DGRAPH_THREADS The number of threads the Dgraph starts with. Oracle recommends the following:
  • For machines running only the Dgraph, the number of threads should be equal to the number of CPU cores on the machine.
  • For machines running the Dgraph and other BDD components, the number of threads should be the number of CPU cores minus 2. For example, a machine with 4 cores should have 2 threads.

The value you specify must be greater than 2. Be sure that the number you use is in compliance with the licensing agreement.

If you leave this property blank, it will default to the number of CPU cores minus 2.

DGRAPH_CACHE The size of the Dgraph cache, in MB. Only specify the number; don't include MB.

If you leave this property blank, it will default to either 50% of the node's available RAM or the total mount of free memory minus 2GB (whichever is larger).

Oracle recommends allocating at least 50% of the node's available RAM to the Dgraph cache. If you later find that queries are getting cancelled because there isn't enough available memory to process them, experiment with gradually decreasing this amount.

COORDINATOR_INDEX The index of the Dgraph cluster in the ZooKeeper ensemble, which ZooKeeper uses to identify it.

Note that this property is not related to the Dgraph index.

DGRAPH_INDEX_NAME The name of the Dgraph index, which will be located in the directory defined by DGRAPH_INDEX_DIR.

If you have an index, set this to its name, but don't include _indexes.

Note: If your index happens to be named base, you should rename it before installing. Otherwise, the installer will overwrite it with the empty indexes.

If you don't have an index, leave this property set to base. This tells the installer to create an empty index called base_indexes in the DGRAPH_INDEX_DIR.

Data Processing settings

This section configures Data Processing and the Hive Table Detector.

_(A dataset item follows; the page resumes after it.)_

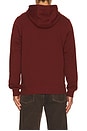 view 2 of 4 Banner Hoodie in Rust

Configuration property Description and possible settings
HDFS_DP_USER_DIR The location within the HDFS /user directory that stores the Avro files created when users export data from BDD. The installer will create this directory if it doesn't already exist. The name of this directory must not include spaces or slashes (/).
YARN_QUEUE The YARN queue Data Processing jobs are submitted to.
HIVE_DATABASE_NAME The name of the Hive database that stores the source data for Studio data sets.

The default value is default. This is the same as the default value of DETECTOR_HIVE_DATABASE, which is used by the Hive Table Detector. It is possible to use different databases for these properties, but it is recommended that you start with one for a first time installation.

SPARK_ON_YARN_JAR The absolute path to the Spark on YARN jar on your Hadoop nodes. This will be added to the CLI classpath.
There are three templates for this property. Copy the value of the template that corresponds to your Hadoop distribution to SPARK_ON_YARN_JAR and update its value as follows:
  • If you have CDH, use the first template and set it to the absolute path to spark-assembly.jar.
  • If you have HDP 2.2.x, use the second template and set it to the absolute paths to hive-exec.jar and spark-assembly.jar, separated by a colon:
    <path/to/hive-exec.jar>:<path/to/spark-assembly.jar>
  • If you have HDP 2.3.x, use the third template and set it to the absolute paths to the Hive version of hive-metastore.jar and to spark-assembly.jar, separated by a colon:
    <path/to/hive-metastore.jar>:<path/to/spark-assemply.jar>